Friday, April 1, 2022

Trompe l'oeil


Lots of walking of late. Can't believe I hadn't passed these doors before. Or maybe I had, before they were repainted.

Someone chose this colour. But why? What informed their decision?

Most houses these days, like most cars and trucks, are painted unobtrusive colours. Every now and then you come across an orange house and you wonder why.

Last summer I saw someone in their front yard planting a monkey puzzle tree. The house behind them -- an Edwardian Builder like the house I live in -- was painted a pumpkin orange (semi-gloss), with a lavender trim (latex). I stopped to rub my eyes.

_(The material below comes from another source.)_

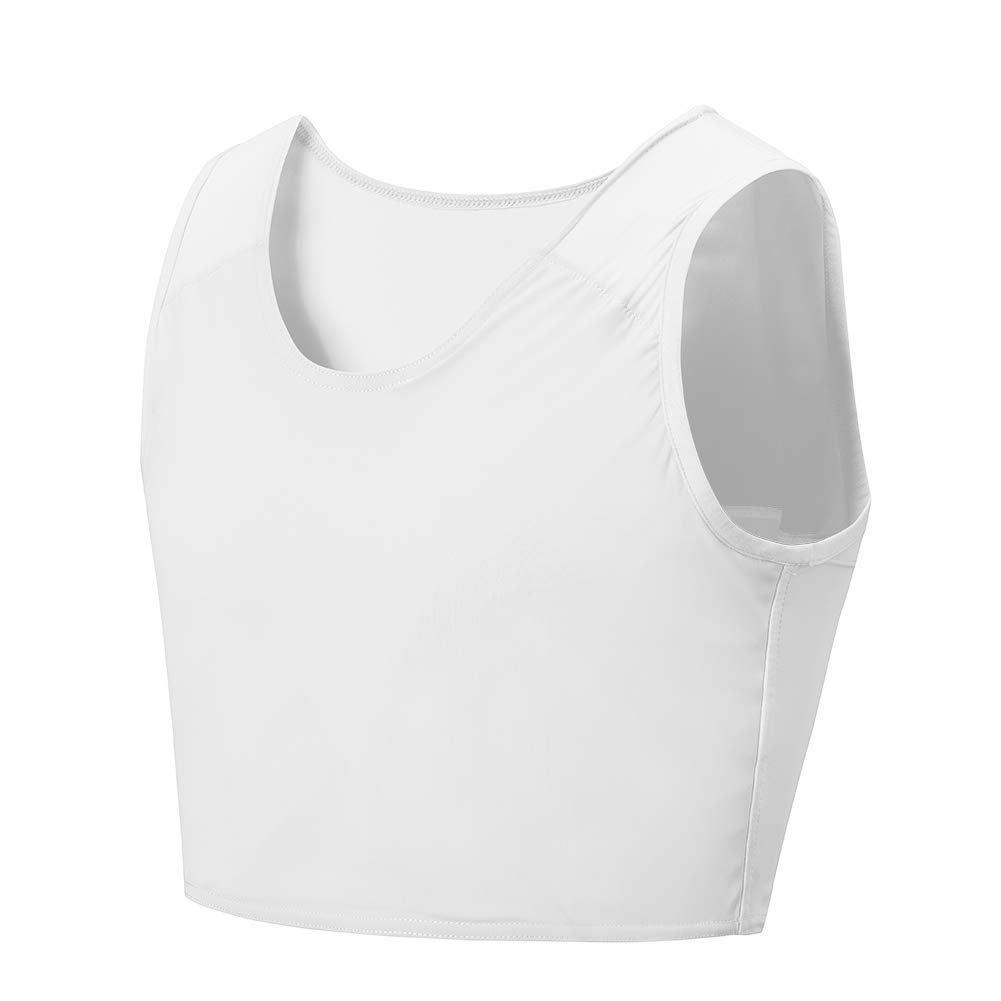 Idtswch Chest Binder for Transgender FTM Binder Compression Tomboy Trans Bandage Bra Cosplay Underwear, White 166, 5X-Large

"Hi!" said the planter, smiling.

"A monkey tree!" was my reply.

"A monkey puzzle tree," she said getting to her feet, brushing the dirt from her knees, still smiling.

"I stand corrected."

"You do! Got something in your eye?"

"Yes, your house."

She laughed. "You don't like the colours, do you."

"Well," I began, "it's not that I don't like them so much as I wonder what went into the decision to paint a house with them."

"I like them, is all." But she wasn't done. Nor did she seem willing to share the decision-making process. "What are you, an art critic or something?"

"As a matter of fact I am," I said, seeing no way out of it. 

"Oh yeah, who do you write for?" she said to the monkey puzzle tree.

"Well, first and foremost I write for myself," I said. 

"So you're not an art critic," she deadpanned.

"I write art criticism, essays on art, and sometimes I write with artists who make films, videos--"

"Well, I'm an artist," she said sternly. "A painter."

"I can see that from your house," I said.

"Only an art critic wouldn't get these colours," she said with some provocation.

"Only an art critic would wonder why you chose to paint a house with them, and to what effect," was my reply.

"Fuck you, creep! Get the fuck out of my neighbourhood!" And with that she turned and walked down the path between her house and the neighbour's. 

The garage up top is not far from the house I just described. Only now the house has been repainted. A neutral colour this time, its monkey puzzle tree a wizened, dried out stick.